Les trois pays ont déjà tous adopté des lois nationales permettant de rejeter temporairement les demandes d’asile formulées à la frontière biélorusse. Ainsi, en Pologne, les garde-frontières polonais sont autorisés, depuis le 14 octobre dernier, à refuser une demande d’asile sans procéder à un examen individuel du besoin de protection, tout comme en Lituanie depuis le 10 août dernier. De même, dans le cadre de l’état d’urgence instauré le 10 août dernier, les demandes d’asile à la frontière sont déclarées irrecevables par le gouvernement letton. Plusieurs cas de renvois sommaires alarmants de demandeurs d’asile vers la Biélorussie ont ainsi pu être observés ces derniers mois, en violation des principes consacrés par la Convention de Genève relative au statut des réfugiés de 1951.
Selon le parti européen des Verts, les nouvelles propositions de la Commission viennent ainsi légitimer et légaliser ces violations au droit international, y compris la pratique illégale des « pushbacks », au lieu de les condamner via des procédures d’infraction qui pourraient être engagées. Les eurodéputés ont en outre rappelé que, y compris en cas d’état d’urgence décrété, les États membres sont tenus de respecter le cadre juridique international et européen en garantissant l’accès aux procédures d’asile et le respect du principe de non-refoulement.
La Pologne interdit actuellement, dans le cadre de l’état d’urgence prolongé jusqu’à fin février 2022, tout accès à la zone frontalière aux journalistes et aux organisations de la société civile, entravant ainsi toute possibilité de contrôle du respect des droits fondamentaux des personnes.
Les personnes instrumentalisées malgré une « situation gérable »
Pour proposer ces mesures, la Commission européenne s’appuie sur l’article 78, paragraphe 3 du traité sur le fonctionnement de l’UE qui dispose que si « un ou plusieurs États membres se trouvent dans une situation d’urgence caractérisée par un afflux soudain de ressortissants de pays tiers, le Conseil, sur proposition de la Commission, peut adopter des mesures provisoires au profit du ou des États membres concernés ». La Commission européenne avait déjà eu recours à cette disposition exceptionnelle en 2015 pour déroger au règlement Dublin.
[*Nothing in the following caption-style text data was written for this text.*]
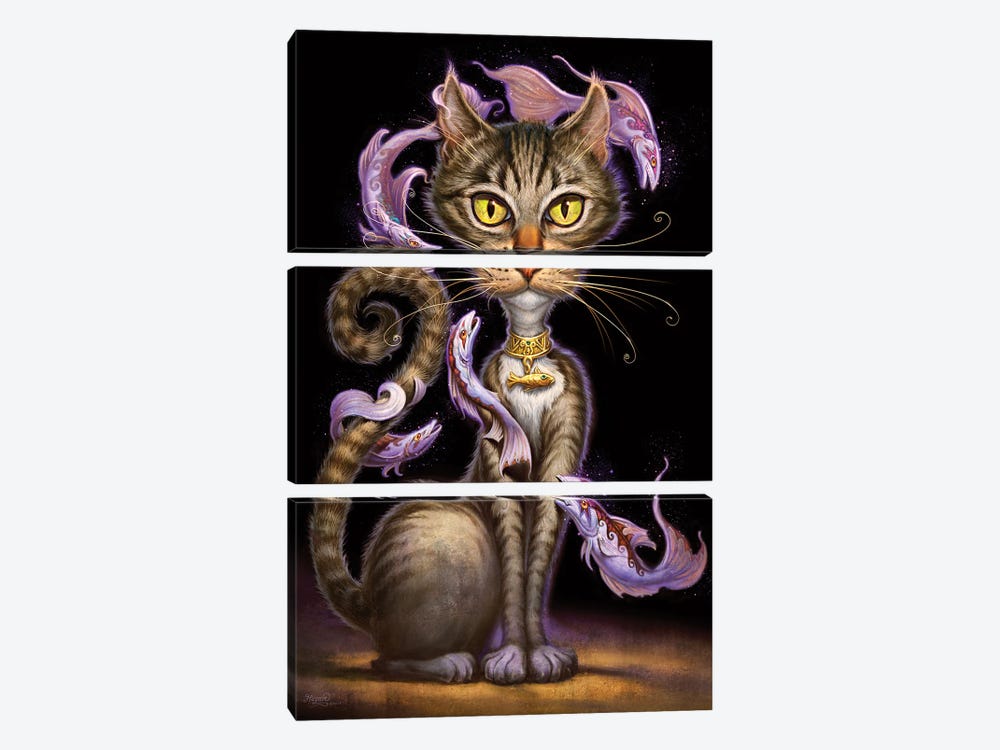 Feline Fantasy by Jeff Haynie 3-piece Canvas Print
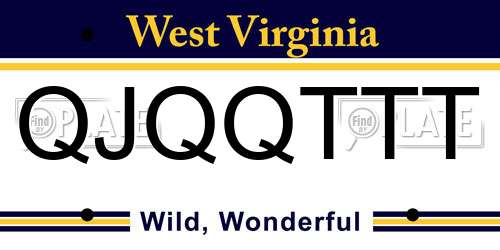 QJQQTTT West Virginia License Plate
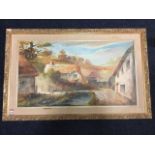 George Horne, oil on board, landscape with thatched houses around a pond, signed and framed. (31in x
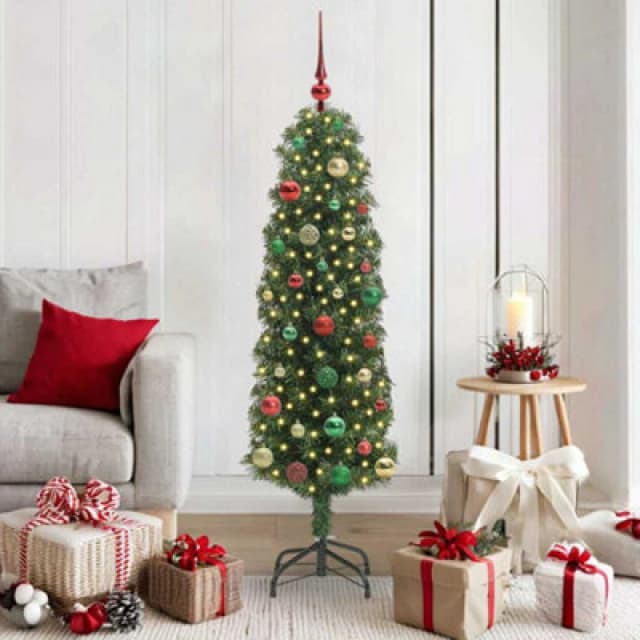 vidaXL Artificial Christmas Tree with 150 LEDs, Multicolour Balls with Stand Green 150 x 43 cm, Green 3394938
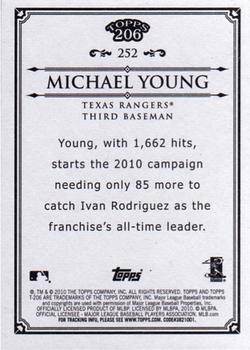 2010 Topps 206 #252 Michael Young Back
Toutefois, il s’agissait alors de favoriser la répartition des personnes en besoin de protection au sein de l’Union par la mise en place d’un programme de relocalisation solidaire depuis la Grèce et l’Italie, et non de restreindre l’accès à la procédure d’asile.
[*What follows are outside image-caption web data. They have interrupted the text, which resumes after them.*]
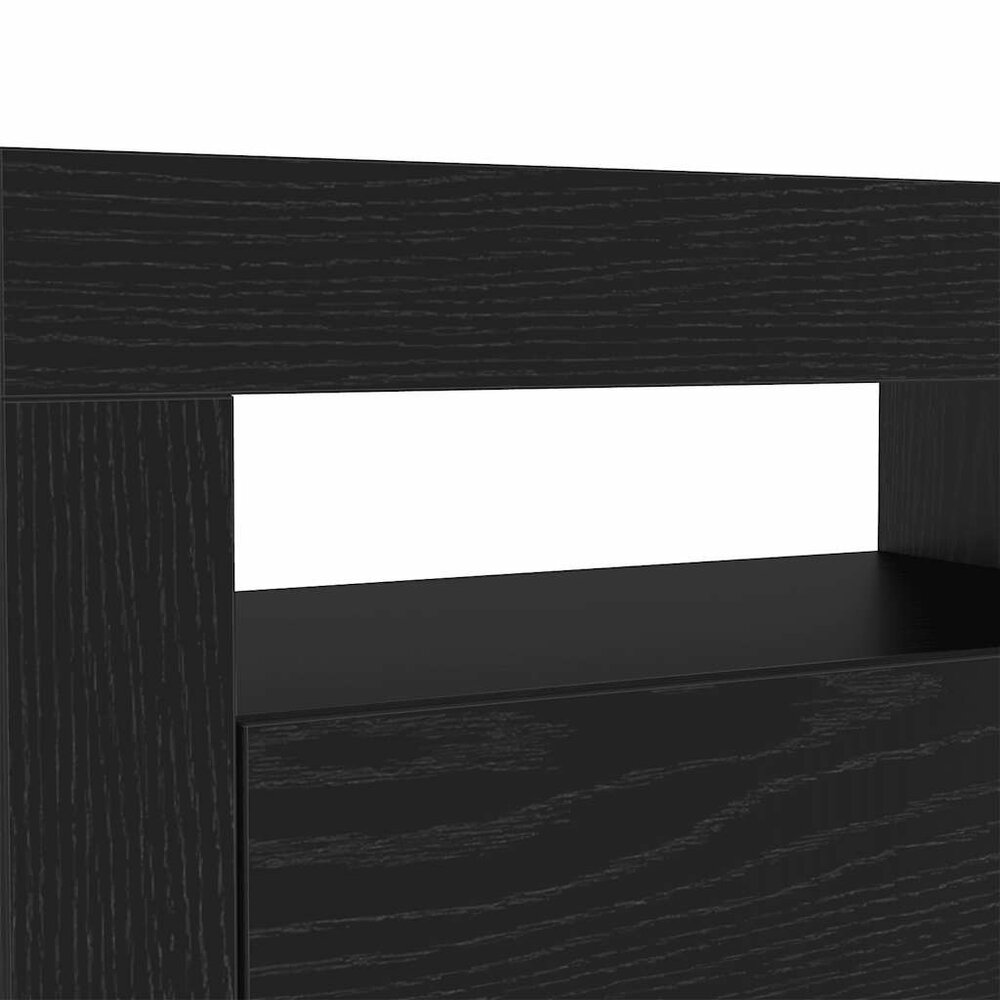 Tv-meubel Alpha met LED 120x35x40 cm hout zwart eike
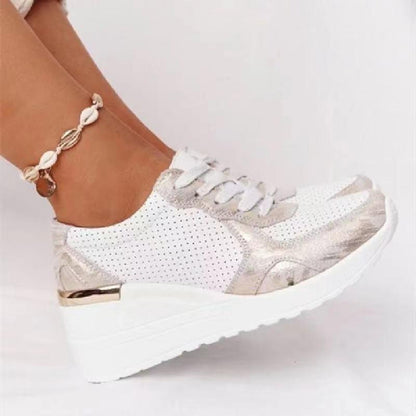 Baskets compensées mode femme à lacets pour look urbain et confort quotidien
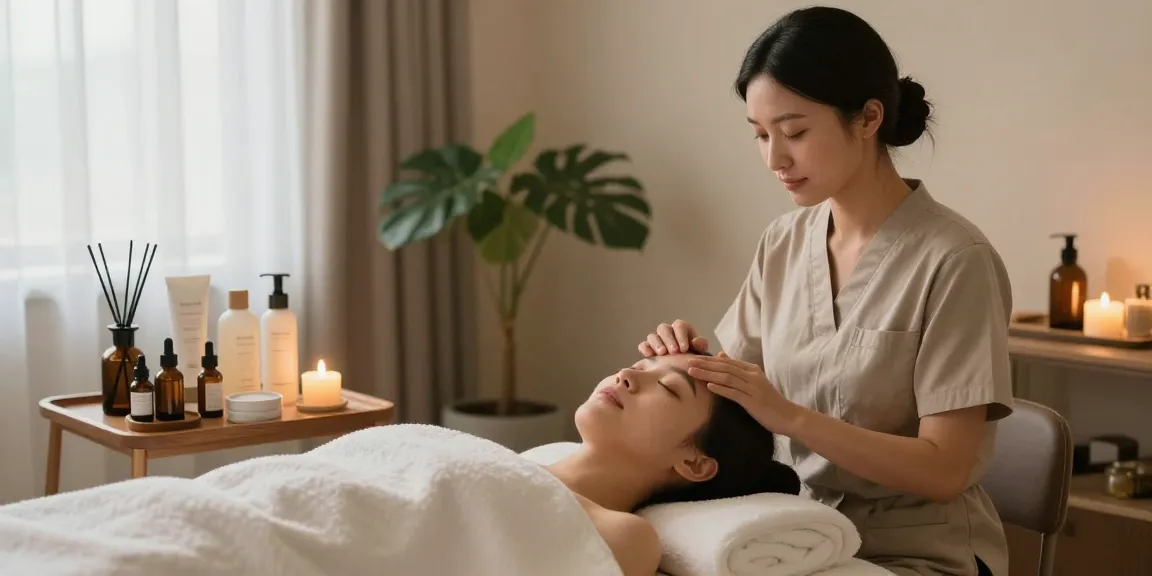 Relaxing 1인샵 facial treatment scene with natural light and calming ambiance.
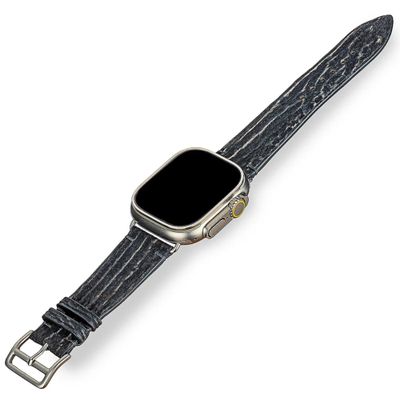 Handcrafted Shark Leather Watch Straps  Unique Grain, Genuine Exotic Leather Bands for Apple Watch Series 1-9 & SE  Premium Accessories for 38mm to 49mm Models (Black Matte, Apple Watch 42mm)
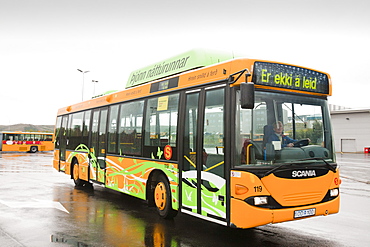 A bus that is powered by methane, Reykjavik, Iceland, Polar Regions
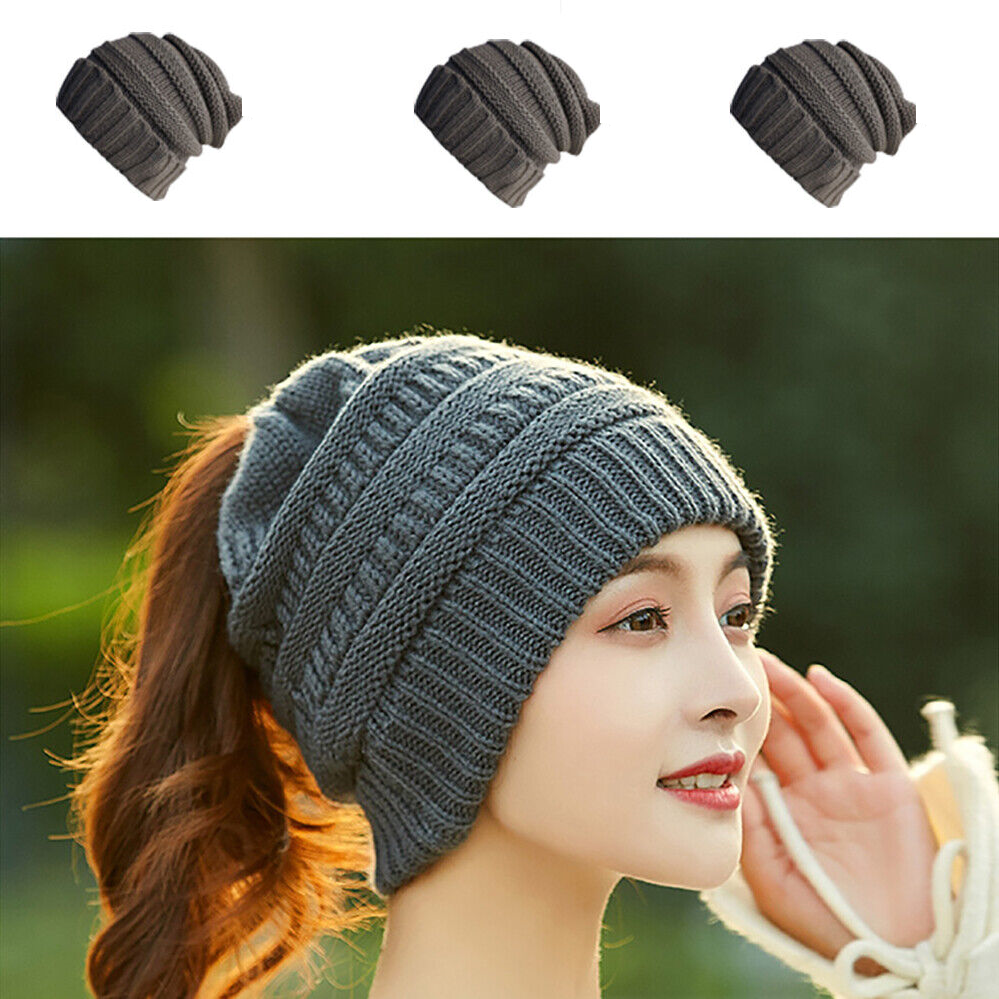Tail Messy Soft Beanie Bun Hat Ponytail Stretchy Knitted Crochet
Alors que la Commission européenne indique qu’il est nécessaire de déroger aux règles d’asile européennes actuelles en réponse à la situation à la frontière – tout en présentant comme une « menace hybride » les personnes bloquées à la frontière, les organisations de la société civile soulignent que ces propositions sont disproportionnées, la situation étant tout à fait gérable au vu du nombre très limité de migrants concernés. Selon les chiffres de la Commission européenne, 7 831 personnes migrantes sont arrivées sur le territoire de l’UE via la Biélorussie en 2021 à la fin novembre, un chiffre à mettre en regard avec les 248 000 demandes d’asile enregistrées au sein de l’Union au cours du premier semestre de 2021.
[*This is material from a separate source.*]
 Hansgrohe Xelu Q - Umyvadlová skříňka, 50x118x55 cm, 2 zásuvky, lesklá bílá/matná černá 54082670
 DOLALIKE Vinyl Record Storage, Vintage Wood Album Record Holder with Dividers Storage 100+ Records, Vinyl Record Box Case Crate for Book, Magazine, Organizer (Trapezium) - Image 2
Pour entrer en vigueur, la proposition doit être adoptée à majorité qualifiée par le Conseil, tandis que le Parlement européen ne doit rendre qu’un avis consultatif sur la question. Alors que la Pologne souhaiterait amender la proposition pour pouvoir « suspendre » les procédures d’asile et non en allonger les délais – la Commission européenne a présenté, le 14 décembre, une réforme de l’espace Schengen qui vise à étendre ces dérogations au régime d’asile européen commun à l’ensemble des 27 États membres de l’UE.